La [**Bibliothèque nationale de France*] consacre une exposition à l’artiste argentin [**Antonio Seguí*], auteur d’un œuvre figuratif qui met en scène un monde graphique et coloré, mêlant nostalgie et ironie. Installé en France depuis plus de cinquante ans, ce dessinateur virtuose a trouvé dans l’estampe une pratique complémentaire au dessin et à la peinture. Il a fait don à la BnF de plus de 500 pièces – estampes, portfolios, livres illustrés – conservées au département des Estampes et de la photographie ainsi qu’à la Réserve des livres rares. Parmi ce fonds remarquable, une cinquantaine d’œuvres, de ses premières estampes des années 1950 à ses dernières gravures au carborundum, célèbrent le travail d’un artiste singulier et prolifique qui a su explorer avec talent toutes les potentialités de l’estampe.

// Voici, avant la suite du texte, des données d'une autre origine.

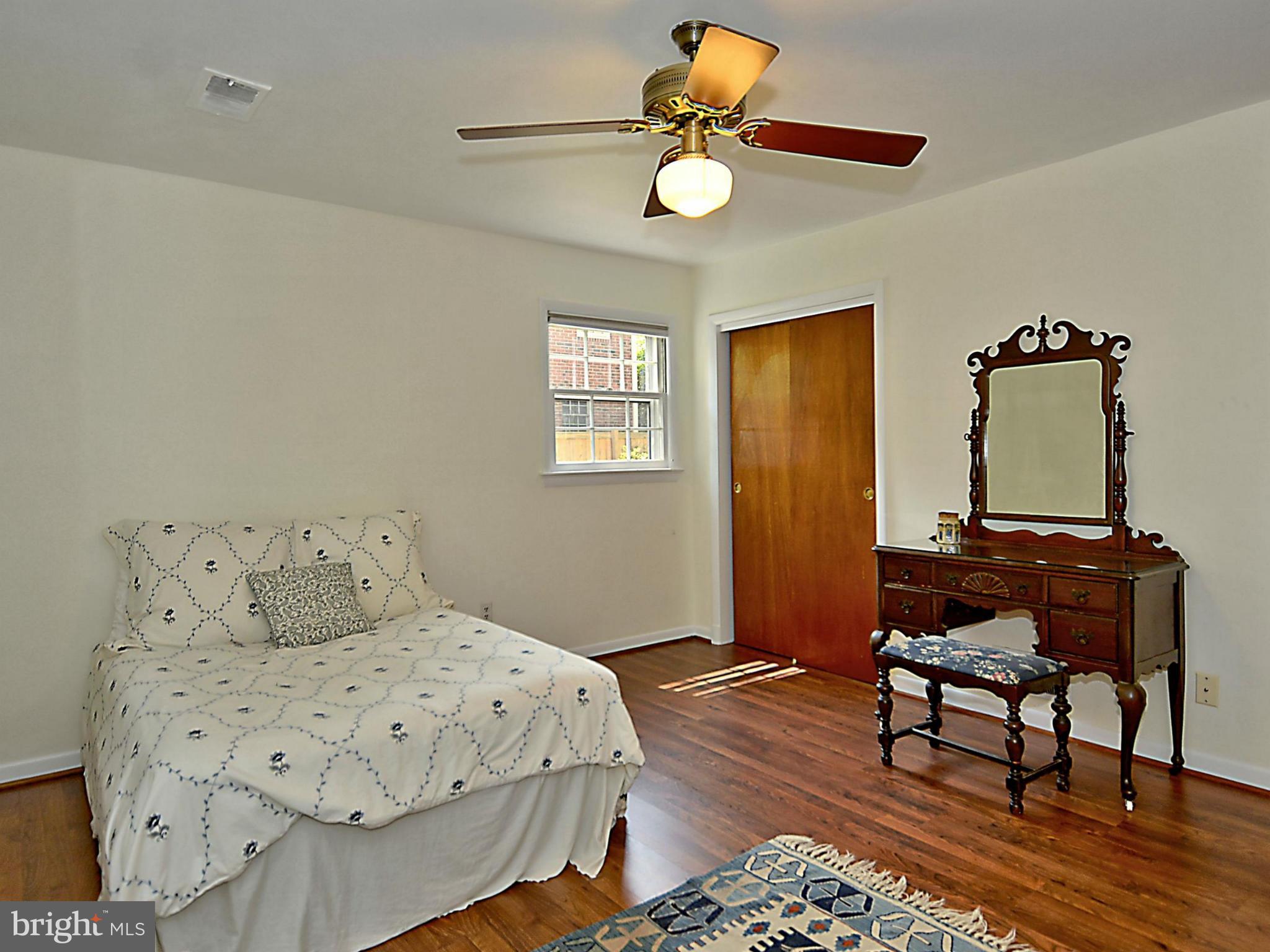 209 MacArthur Road Alexandria, VA 22305 - Photo 19 of 26 a bedroom with a bed and wooden floor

Né en 1934 à Córdoba (Argentine), [**Antonio Seguí*] a effectué pratiquement toute sa carrière en France, sans toutefois renier ses origines sud-américaines. Artiste reconnu dans le monde entier à travers de nombreuses expositions, il est à la fois dessinateur, peintre, sculpteur et graveur.
Après avoir étudié la peinture à Córdoba, c’est au Mexique qu’il s’initie aux techniques de l’estampe. Il parfait sa formation artistique à Madrid et Paris, où il s’installe en 1963, tout en retournant régulièrement dans son pays natal qui demeure pour lui une source d’inspiration importante.

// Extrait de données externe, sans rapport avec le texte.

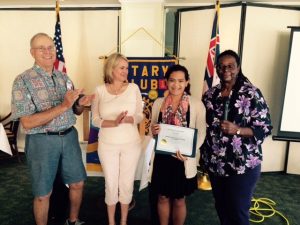 Hilo Bay Rotarians congratulate Jyselle Arruda on her scholarship award. Left to right, Richard Cunningham, Kim Keahiolalo, Arruda and Bettye Williams, RCHB president.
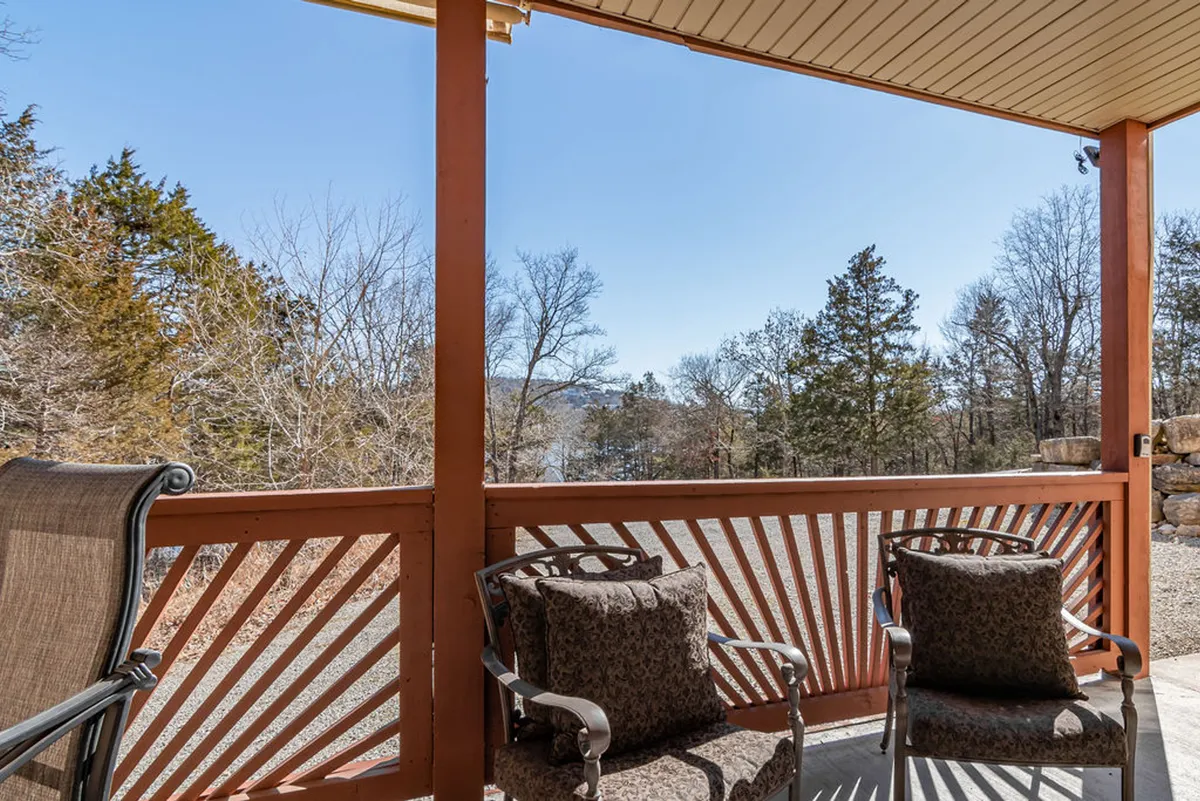 A serene lakeside deck featuring comfortable seating and a wooden railing with breathtaking views of Table Rock Lake just beyond. The setting is ideal for relaxing, reading, or enjoying the natural surroundings, with the sense of being steps from the water.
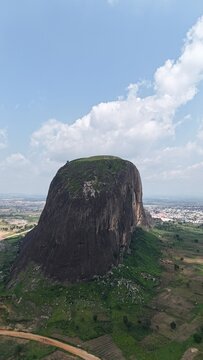 Vertical aerial view of a massive granite rock formation surrounded by green farmland and a sprawling Nigerian landscape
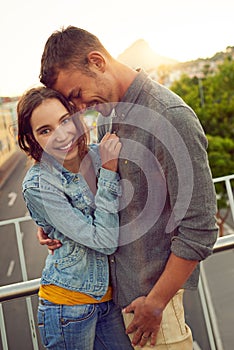 Hes so good to me. a happy young couple enjoying a romantic moment in the city.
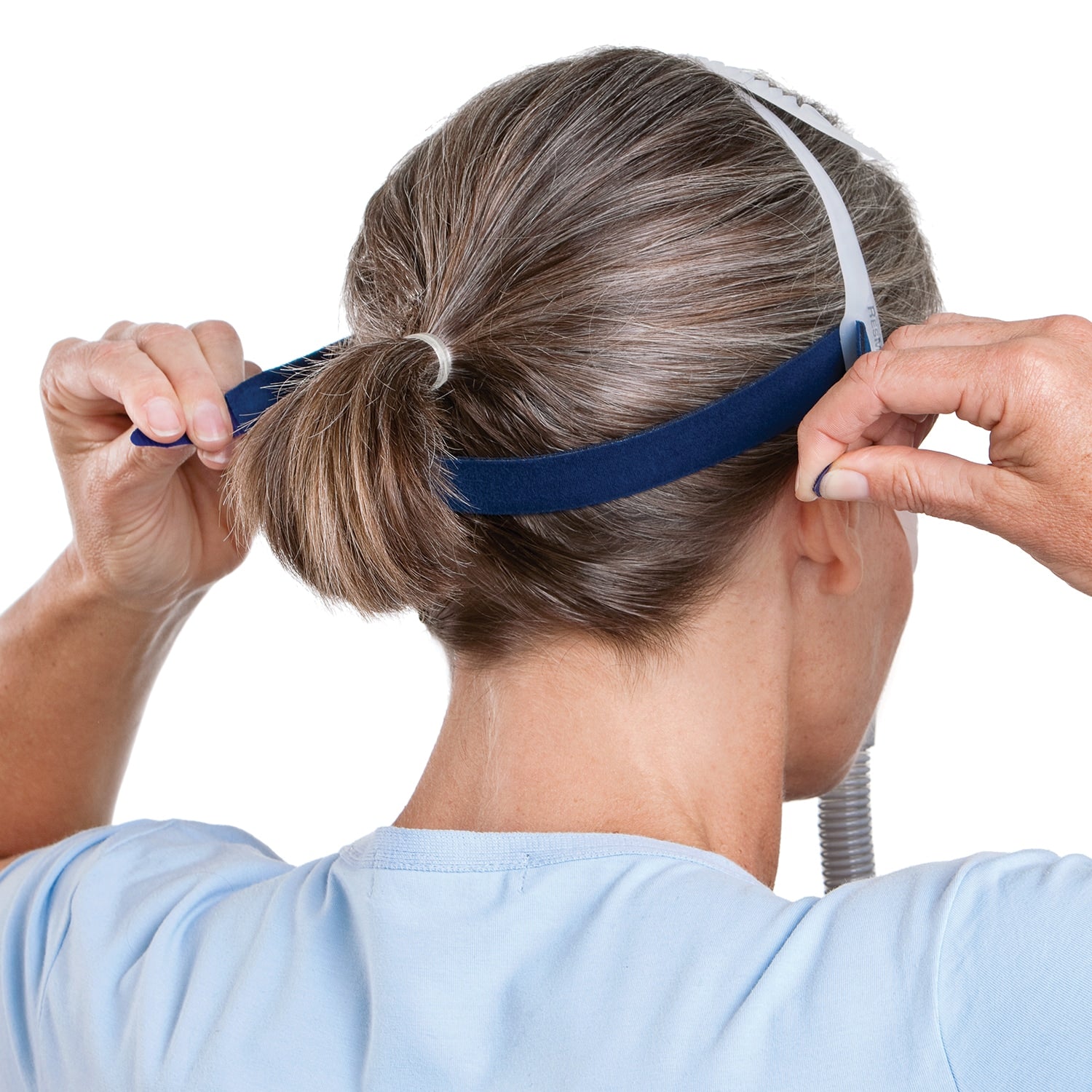 Person adjusting a blue headgear with a white background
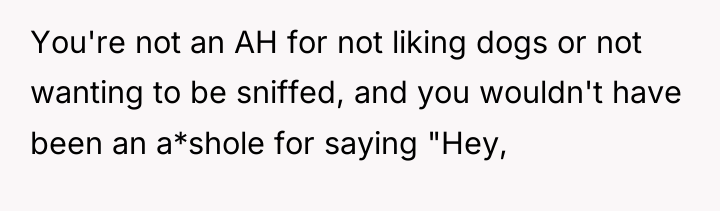 You're not an AH for not liking dogs or not...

L’exposition, suivant un parcours chronologique, met en lumière la diversité des inspirations de Seguí, des artistes satiristes européens, tels [**Honoré Daumier*] ou [**George Grosz*], à la bande dessinée, en passant par le dessin de presse. Une occasion aussi d’apprécier la variété des techniques utilisées par l’artiste : lithographie, monotype, eau-forte, linogravure, photolithographie, sérigraphie, gravure au carborundum.

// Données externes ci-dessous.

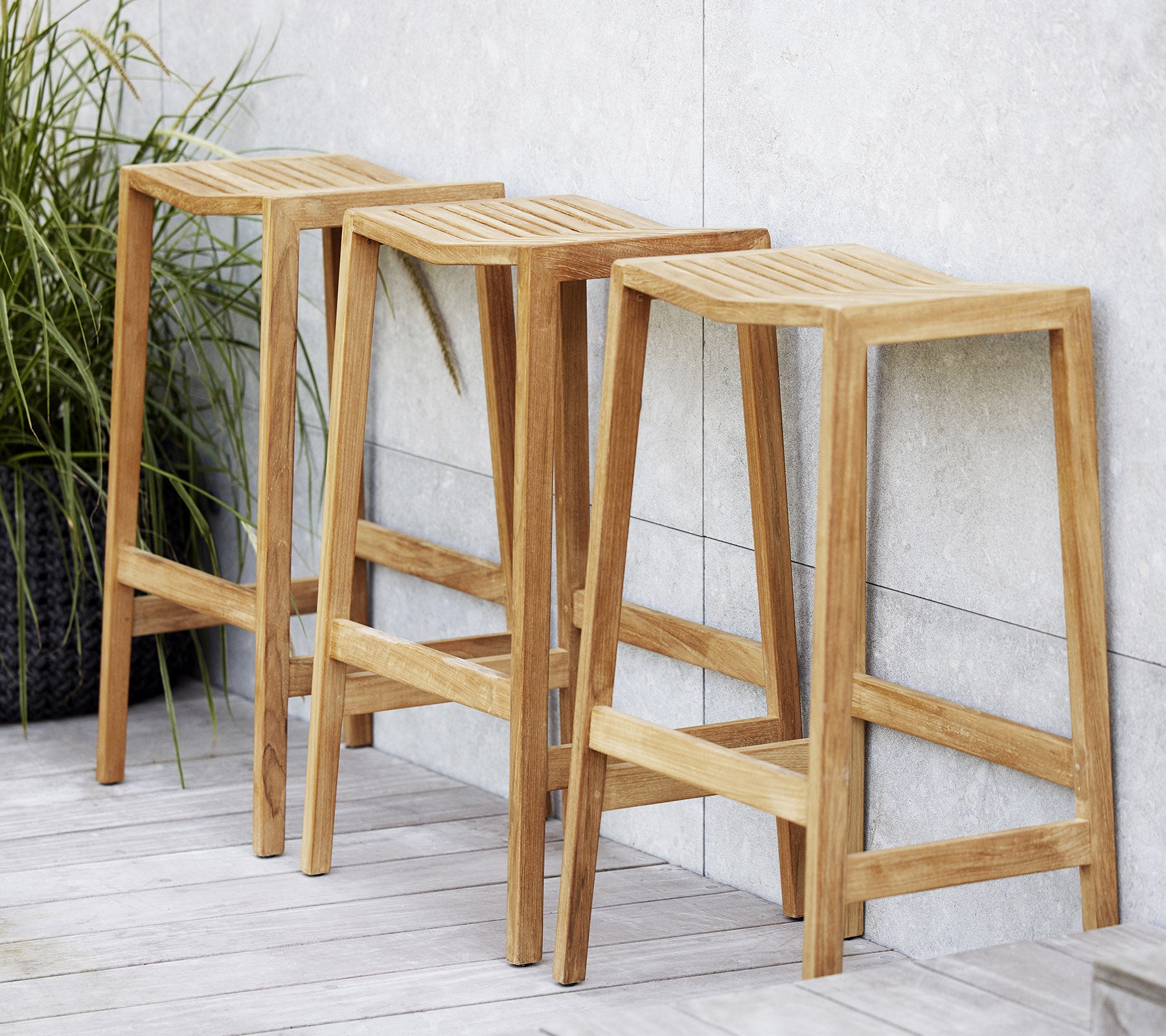 Drei Holz-Flip-Barhocker mit geschlitzten Sitzen, die ein minimalistisches Design und klare Linien aufweisen, neben einer dekorativen Pflanze positioniert.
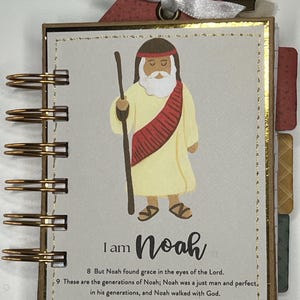 May include: A small, spiral-bound book with a gold-colored wire binding. The cover features an illustration of Noah holding a staff, with the text "I am Noah" and Bible verses. A decorative ribbon is attached at the top.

Avec humour, Antonio Seguí interroge les stéréotypes qui nous font croire à ce que nous voyons sans prendre la peine de vraiment regarder. Dans les années 1960, il compose des lithographies avec de grands aplats de couleurs occultant des personnages et n’en laissant voir que les extrémités. Par ces éléments fragmentaires, il cherche à rendre le spectateur attentif, tout en stimulant son imagination.
Il crée ensuite une série d’estampes en photolithographie aux allures pop, faites d’éléments juxtaposés se transformant en une sorte de puzzle mental, soulevant par ce biais des interrogations auxquelles il ne fournit pas de réponses.
Dans les années 1970 apparaît le personnage emblématique de son œuvre, un homme coiffé d’un chapeau – inspiré des hommes argentins de son enfance – marchant souvent au milieu de constructions. Derrière le caractère répétitif de ces représentations déclinées dans différentes techniques se cache une attention apportée au détail, sans pour autant verser dans la narration. À travers cette figure récurrente, archétype de l’homme anonyme, qu’il met en scène seul ou perdu dans la ville et qu’il confronte à des situations tragiques ou cocasses, le peintre tend à réduire l’homme à son comportement social.
Enfin, dès l’orée des années 2000, l’artiste pratique essentiellement la gravure au carborundum : il adopte alors un langage plastique plus concis et graphique, dessinant des figures d’un noir dense, sans se départir de son sens de l’humour.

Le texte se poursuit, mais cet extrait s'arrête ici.